Dlaczego o tych tragicznych wydarzeniach piszę na początku nowego roku szkolnego? Siostry nazaretanki prowadziły w Nowogródku różne dzieła, m. in. szkołę z internatem.
Od kilkudziesięciu lat pod koniec lipca na Jasnej Górze gromadzą się wychowankowie sióstr męczenniczek. I chociaż minęło już od śmierci sióstr ponad 60 lat, one żyją w sercach i wspomnieniach swoich wychowanków.
Dlaczego pozostały w pamięci? Wielu byłych uczniów jest przekonanych, że właśnie ofierze sióstr zawdzięcza przetrwanie trudnych lat wojny. Ale nie tylko. Często opowiadają wychowankowie nowogródzkich nazaretanek, ile zawdzięczają siostrom i nauczycielom w dorosłym życiu.
W tysiącach szkół w Polsce odbyły się pierwsze rady pedagogiczne. Wielu nauczycieli i wychowawców zastanawia się, jak podołać zadaniom i współczesnym wyzwaniom. Uczniowie z większym czy z mniejszym entuzjazmem myślą o nowym roku szkolnym. Na rozpoczęcie roku szkolnego dzieci, młodzież, rodzice, nauczyciele i wychowawcy przyjdą do swoich parafialnych kościołów na Mszę św. i wspólną modlitwę. W swojej szkolnej kaplicy w zabytkowym klasztorze w Henrykowie zgromadzą się także nauczyciele, wychowawcy, pracownicy i uczniowie Katolickiego Liceum Ogólnokształcącego im. bł. Edmunda Bojanowskiego. Uczniowie klas III będą modlić się już o dobre przygotowanie i zdanie matury. Pierwszoklasiści z lękiem rozpoczną naukę w nowej szkole. Jeszcze inne intencje modlitewne przyniosą ze sobą licealiści z klas drugich. A my dorośli odpowiedzialni za nich będziemy prosić Boga, abyśmy podołali niełatwemu zadaniu „uczenia cudzych dzieci”. Będziemy modlić się świadomi trudnych wyzwań w pracy dydaktycznej, jak również wychowawczej.
Przed nami na pewno wiele poważnych problemów, z którymi od lat boryka się szkoła.
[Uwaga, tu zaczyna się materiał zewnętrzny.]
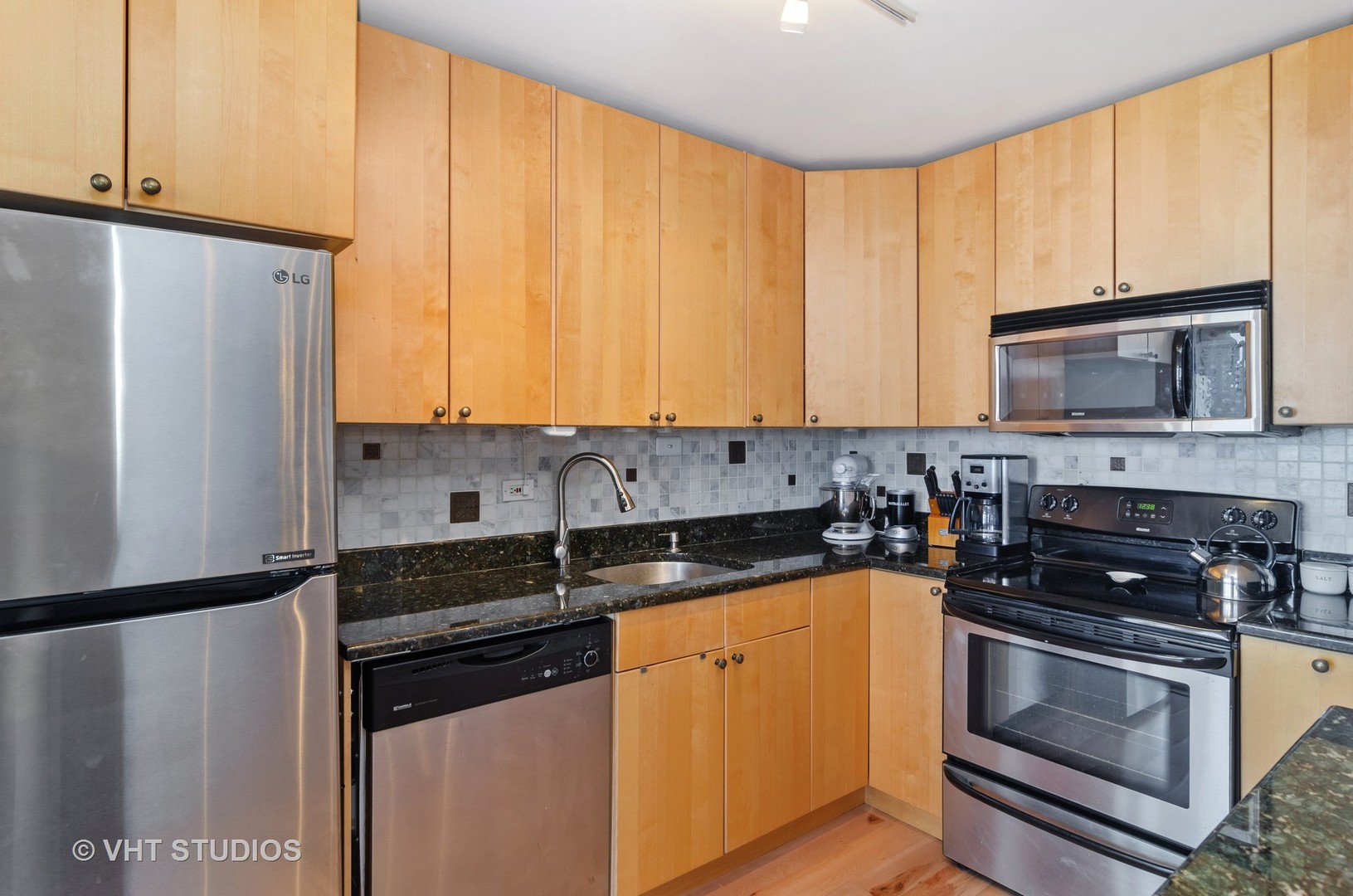 655 Irving Park Road, Unit 4606 Chicago, IL 60613 - Photo 7 of 15 a kitchen with granite countertop a refrigerator stove and microwave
Problemy finansowe znamy wszyscy. Pytania o wychowawczą rolę szkoły powracają przy rozpoczęciu nowego roku szkolnego. Jak sprostać wyzwaniom otaczającej nas rzeczywistości…
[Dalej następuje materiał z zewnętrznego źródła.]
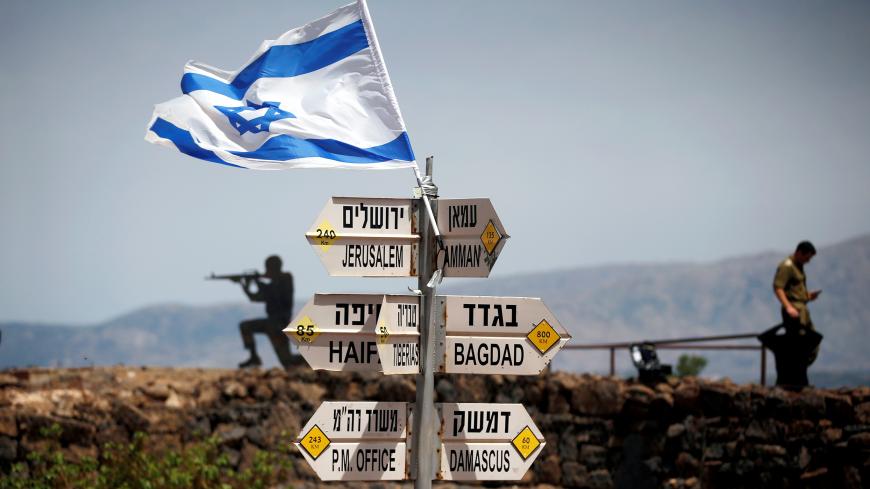 An Israeli soldier stands next to signs pointing out distances to different cities, on Mount Bental, an observation post in the Israeli-occupied Golan Heights that overlooks the Syrian side of the Quneitra crossing, Israel May 10, 2018. REUTERS/Ronen Zvulun     TPX IMAGES OF THE DAY - RC1D6EF6AF90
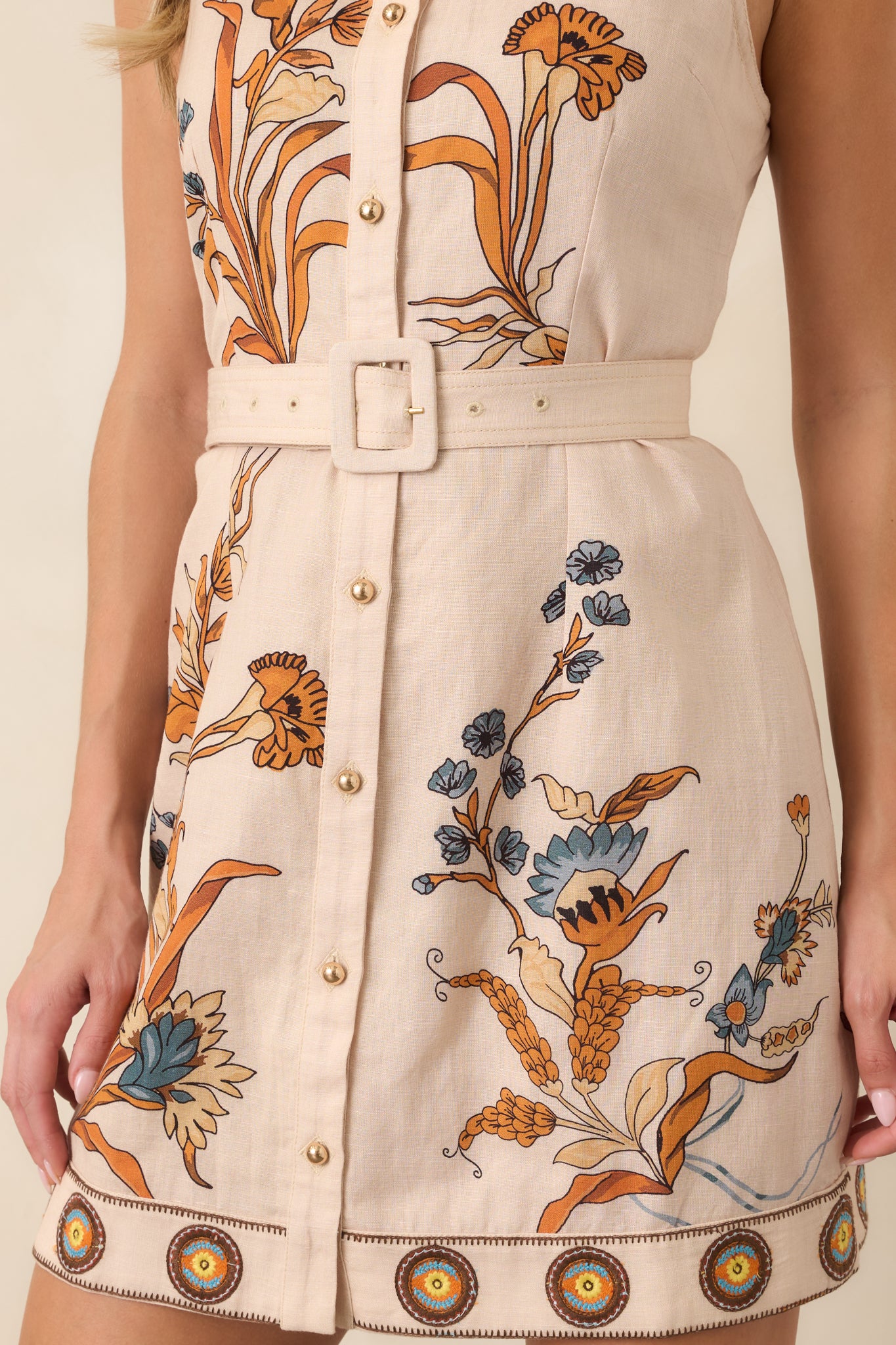 Close-up of the embroidered border hem and colorful floral print against the ivory cotton-linen fabric.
Nowy rok szkolny 2007/2008 niesie ze sobą wiele pytań, na które nie znamy odpowiedzi. Mimo wszystko rozpoczynam go osobiście z ogromnymi nadziejami, że z Bożą pomocą wszystkim wyzwaniom sprostam. Tego również życzę wszystkim dolnośląskim rodzicom, nauczycielom, wychowawcom i uczniom.
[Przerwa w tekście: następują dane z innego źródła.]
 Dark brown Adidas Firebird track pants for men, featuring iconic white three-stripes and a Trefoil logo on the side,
Drodzy młodzi przyjaciele, życzę, by wasi nauczyciele i wychowawcy pozostali po latach w waszej wdzięcznej pamięci, tak jak w sercach uczniów szkoły nazaretańskiej w Nowogródku pozostały siostry męczenniczki... „Niech to, czego się nauczycie, co poznacie, czego doświadczycie kształtuje wasze przyszłe, dorosłe życie.